(Entries taken from a collection)
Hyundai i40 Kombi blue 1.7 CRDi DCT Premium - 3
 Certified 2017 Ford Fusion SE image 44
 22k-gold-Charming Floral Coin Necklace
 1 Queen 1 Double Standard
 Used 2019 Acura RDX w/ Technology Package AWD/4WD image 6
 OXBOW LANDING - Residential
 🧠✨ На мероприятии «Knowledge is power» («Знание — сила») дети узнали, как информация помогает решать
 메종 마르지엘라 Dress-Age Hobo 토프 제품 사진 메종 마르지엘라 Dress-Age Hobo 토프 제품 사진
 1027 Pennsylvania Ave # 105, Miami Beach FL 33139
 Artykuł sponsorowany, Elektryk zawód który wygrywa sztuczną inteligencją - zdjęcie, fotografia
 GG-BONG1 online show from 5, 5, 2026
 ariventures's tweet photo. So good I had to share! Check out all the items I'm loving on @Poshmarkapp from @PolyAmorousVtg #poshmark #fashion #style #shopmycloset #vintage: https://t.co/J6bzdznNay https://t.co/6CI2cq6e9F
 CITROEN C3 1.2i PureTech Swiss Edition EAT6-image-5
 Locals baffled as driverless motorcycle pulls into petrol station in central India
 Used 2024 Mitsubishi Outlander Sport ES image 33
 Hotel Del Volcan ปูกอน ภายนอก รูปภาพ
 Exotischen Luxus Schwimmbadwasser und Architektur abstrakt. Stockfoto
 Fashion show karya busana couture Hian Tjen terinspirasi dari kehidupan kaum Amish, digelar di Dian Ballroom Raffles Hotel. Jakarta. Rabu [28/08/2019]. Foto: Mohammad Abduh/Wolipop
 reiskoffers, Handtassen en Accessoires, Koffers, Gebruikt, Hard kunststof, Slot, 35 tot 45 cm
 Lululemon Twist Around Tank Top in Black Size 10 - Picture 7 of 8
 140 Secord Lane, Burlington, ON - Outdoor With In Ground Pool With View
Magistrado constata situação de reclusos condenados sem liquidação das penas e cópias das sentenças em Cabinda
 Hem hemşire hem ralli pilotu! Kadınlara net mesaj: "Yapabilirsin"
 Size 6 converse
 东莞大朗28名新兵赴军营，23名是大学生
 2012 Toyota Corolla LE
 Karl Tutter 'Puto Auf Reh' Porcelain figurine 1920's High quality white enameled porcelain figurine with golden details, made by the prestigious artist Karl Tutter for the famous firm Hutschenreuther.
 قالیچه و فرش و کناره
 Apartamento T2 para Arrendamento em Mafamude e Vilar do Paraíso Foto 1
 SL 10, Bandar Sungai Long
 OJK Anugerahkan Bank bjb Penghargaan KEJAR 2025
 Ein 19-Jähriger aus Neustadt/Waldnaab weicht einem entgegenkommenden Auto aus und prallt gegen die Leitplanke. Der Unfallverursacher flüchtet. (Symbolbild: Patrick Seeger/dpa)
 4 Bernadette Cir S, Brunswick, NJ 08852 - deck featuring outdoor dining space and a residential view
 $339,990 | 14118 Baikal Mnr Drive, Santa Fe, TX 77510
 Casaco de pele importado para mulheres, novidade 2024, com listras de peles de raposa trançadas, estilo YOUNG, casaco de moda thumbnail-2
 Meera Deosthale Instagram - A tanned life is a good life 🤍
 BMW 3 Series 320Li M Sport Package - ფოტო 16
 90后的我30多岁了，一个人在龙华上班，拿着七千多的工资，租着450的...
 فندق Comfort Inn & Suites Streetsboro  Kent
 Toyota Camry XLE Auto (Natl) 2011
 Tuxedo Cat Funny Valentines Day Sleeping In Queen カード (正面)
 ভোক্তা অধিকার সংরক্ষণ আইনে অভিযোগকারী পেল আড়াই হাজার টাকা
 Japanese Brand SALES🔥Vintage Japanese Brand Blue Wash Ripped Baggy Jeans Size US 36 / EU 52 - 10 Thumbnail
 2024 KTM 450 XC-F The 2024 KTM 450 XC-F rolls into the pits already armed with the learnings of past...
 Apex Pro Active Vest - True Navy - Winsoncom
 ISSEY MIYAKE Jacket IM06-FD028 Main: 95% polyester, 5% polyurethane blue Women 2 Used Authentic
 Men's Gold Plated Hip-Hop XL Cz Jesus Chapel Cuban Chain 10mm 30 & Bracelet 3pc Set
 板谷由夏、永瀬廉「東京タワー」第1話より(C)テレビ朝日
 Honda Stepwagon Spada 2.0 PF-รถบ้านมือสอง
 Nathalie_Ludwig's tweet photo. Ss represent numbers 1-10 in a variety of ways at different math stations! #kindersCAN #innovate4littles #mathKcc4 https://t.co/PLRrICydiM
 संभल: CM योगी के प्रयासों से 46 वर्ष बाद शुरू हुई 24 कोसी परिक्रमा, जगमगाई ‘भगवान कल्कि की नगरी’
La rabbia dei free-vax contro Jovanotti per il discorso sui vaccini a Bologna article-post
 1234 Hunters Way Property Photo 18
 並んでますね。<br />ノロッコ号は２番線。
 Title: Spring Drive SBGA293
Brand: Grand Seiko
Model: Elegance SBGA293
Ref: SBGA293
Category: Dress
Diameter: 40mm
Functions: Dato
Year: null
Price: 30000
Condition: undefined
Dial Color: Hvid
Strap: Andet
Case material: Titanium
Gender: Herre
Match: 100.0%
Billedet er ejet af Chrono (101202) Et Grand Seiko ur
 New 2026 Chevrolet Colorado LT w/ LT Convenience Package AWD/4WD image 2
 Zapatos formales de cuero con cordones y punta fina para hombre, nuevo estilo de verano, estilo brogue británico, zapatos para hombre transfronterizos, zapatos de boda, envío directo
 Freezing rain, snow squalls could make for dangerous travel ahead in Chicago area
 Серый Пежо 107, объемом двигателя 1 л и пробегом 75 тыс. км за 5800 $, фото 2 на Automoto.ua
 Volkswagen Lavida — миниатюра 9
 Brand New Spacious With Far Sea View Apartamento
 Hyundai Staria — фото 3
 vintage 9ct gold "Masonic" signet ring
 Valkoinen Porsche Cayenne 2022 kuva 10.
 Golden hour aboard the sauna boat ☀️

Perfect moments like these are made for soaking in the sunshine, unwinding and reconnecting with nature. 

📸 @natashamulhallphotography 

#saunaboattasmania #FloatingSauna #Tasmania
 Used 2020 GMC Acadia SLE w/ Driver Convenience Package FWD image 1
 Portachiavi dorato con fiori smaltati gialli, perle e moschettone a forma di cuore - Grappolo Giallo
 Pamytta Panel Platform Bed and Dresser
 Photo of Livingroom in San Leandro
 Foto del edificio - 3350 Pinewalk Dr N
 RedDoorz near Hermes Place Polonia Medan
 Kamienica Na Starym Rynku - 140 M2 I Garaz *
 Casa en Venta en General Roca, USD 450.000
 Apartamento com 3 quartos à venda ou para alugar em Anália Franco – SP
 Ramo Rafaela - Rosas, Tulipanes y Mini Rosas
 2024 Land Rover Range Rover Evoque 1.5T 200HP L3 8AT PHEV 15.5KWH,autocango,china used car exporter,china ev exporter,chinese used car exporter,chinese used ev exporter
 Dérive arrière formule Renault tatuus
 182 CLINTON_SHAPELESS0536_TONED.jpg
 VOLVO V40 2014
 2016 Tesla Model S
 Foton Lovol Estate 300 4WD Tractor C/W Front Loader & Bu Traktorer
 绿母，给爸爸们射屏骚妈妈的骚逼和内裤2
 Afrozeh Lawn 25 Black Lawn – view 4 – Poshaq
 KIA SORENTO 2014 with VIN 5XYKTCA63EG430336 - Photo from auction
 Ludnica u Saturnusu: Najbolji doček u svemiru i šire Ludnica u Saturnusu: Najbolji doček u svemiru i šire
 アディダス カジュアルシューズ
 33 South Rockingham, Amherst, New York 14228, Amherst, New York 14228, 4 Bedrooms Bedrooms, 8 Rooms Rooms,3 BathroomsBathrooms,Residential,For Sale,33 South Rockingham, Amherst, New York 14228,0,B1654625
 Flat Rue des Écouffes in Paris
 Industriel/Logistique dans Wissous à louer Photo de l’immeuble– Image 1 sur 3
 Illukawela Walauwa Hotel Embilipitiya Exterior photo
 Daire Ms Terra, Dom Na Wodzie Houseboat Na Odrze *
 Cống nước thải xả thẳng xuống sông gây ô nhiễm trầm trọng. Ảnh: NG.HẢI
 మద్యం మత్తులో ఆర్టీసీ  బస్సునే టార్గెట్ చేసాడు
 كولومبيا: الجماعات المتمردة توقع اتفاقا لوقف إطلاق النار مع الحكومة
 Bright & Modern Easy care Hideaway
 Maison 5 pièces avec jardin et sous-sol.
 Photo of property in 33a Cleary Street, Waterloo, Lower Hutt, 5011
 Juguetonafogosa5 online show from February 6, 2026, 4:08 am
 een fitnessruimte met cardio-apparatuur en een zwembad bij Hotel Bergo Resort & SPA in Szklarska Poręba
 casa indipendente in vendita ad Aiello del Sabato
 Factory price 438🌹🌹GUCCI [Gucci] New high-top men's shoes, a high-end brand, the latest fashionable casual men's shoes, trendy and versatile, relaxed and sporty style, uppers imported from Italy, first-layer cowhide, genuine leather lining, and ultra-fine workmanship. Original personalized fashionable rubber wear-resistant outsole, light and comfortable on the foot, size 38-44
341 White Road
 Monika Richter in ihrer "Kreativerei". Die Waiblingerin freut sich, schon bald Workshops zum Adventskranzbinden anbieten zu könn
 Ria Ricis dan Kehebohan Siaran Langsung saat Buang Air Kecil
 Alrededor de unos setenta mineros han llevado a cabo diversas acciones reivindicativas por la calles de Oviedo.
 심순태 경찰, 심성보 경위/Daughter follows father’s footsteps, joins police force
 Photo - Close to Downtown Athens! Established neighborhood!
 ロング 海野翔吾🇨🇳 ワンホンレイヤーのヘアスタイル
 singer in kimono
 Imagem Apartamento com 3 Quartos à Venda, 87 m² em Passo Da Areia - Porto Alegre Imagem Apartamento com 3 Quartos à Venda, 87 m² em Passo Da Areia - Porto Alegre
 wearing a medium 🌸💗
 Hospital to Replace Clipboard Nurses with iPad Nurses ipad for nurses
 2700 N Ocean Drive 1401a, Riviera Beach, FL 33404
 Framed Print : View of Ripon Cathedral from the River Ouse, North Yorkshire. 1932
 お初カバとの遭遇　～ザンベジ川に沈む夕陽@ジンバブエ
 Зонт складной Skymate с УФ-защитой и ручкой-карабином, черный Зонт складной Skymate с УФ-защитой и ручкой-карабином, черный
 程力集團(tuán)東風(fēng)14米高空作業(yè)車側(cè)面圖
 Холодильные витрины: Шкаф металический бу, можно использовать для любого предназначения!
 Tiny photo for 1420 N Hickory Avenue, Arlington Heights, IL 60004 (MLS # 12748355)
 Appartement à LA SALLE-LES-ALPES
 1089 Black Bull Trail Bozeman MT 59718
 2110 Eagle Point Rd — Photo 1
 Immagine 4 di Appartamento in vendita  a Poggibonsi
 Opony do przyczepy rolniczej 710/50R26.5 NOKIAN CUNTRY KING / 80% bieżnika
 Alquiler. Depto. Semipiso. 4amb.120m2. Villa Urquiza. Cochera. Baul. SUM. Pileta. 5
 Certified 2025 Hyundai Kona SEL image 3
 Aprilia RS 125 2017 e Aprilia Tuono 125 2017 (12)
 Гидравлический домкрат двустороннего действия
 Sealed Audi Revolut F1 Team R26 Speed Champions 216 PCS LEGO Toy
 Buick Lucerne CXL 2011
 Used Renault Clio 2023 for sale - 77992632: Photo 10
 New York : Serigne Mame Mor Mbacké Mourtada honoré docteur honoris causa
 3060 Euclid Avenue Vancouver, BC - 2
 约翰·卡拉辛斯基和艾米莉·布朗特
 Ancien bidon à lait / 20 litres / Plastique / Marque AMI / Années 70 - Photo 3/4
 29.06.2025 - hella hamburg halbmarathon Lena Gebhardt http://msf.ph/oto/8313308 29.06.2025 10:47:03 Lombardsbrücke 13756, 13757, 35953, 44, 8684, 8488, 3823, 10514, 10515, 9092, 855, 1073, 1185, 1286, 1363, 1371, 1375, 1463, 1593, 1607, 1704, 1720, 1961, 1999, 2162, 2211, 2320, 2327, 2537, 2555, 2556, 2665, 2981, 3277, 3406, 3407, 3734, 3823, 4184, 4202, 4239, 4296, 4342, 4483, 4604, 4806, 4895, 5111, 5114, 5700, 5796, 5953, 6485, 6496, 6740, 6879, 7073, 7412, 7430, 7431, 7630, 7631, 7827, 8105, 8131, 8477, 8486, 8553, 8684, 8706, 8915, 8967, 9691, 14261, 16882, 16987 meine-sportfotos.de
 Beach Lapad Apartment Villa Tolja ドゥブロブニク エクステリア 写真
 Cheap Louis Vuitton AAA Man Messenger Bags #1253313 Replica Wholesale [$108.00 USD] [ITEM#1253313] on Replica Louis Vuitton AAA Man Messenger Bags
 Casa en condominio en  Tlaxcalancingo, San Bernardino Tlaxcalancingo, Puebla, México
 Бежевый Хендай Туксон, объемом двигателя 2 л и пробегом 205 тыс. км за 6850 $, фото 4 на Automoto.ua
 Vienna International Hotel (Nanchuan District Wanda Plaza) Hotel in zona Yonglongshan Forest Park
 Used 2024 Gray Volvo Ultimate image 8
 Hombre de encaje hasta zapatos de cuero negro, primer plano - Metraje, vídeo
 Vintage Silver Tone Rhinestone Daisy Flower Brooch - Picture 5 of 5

◆ **Required work**
Reproduce, exactly as they stand in the data above, the lines from the one that holds "Juguetonafogosa5 online show" to the one that holds "singer in kimono", inclusive.

◆ **Solution to this problem**
 Juguetonafogosa5 online show from February 6, 2026, 4:08 am
 een fitnessruimte met cardio-apparatuur en een zwembad bij Hotel Bergo Resort & SPA in Szklarska Poręba
 casa indipendente in vendita ad Aiello del Sabato
 Factory price 438🌹🌹GUCCI [Gucci] New high-top men's shoes, a high-end brand, the latest fashionable casual men's shoes, trendy and versatile, relaxed and sporty style, uppers imported from Italy, first-layer cowhide, genuine leather lining, and ultra-fine workmanship. Original personalized fashionable rubber wear-resistant outsole, light and comfortable on the foot, size 38-44
341 White Road
 Monika Richter in ihrer "Kreativerei". Die Waiblingerin freut sich, schon bald Workshops zum Adventskranzbinden anbieten zu könn
 Ria Ricis dan Kehebohan Siaran Langsung saat Buang Air Kecil
 Alrededor de unos setenta mineros han llevado a cabo diversas acciones reivindicativas por la calles de Oviedo.
 심순태 경찰, 심성보 경위/Daughter follows father’s footsteps, joins police force
 Photo - Close to Downtown Athens! Established neighborhood!
 ロング 海野翔吾🇨🇳 ワンホンレイヤーのヘアスタイル
 singer in kimono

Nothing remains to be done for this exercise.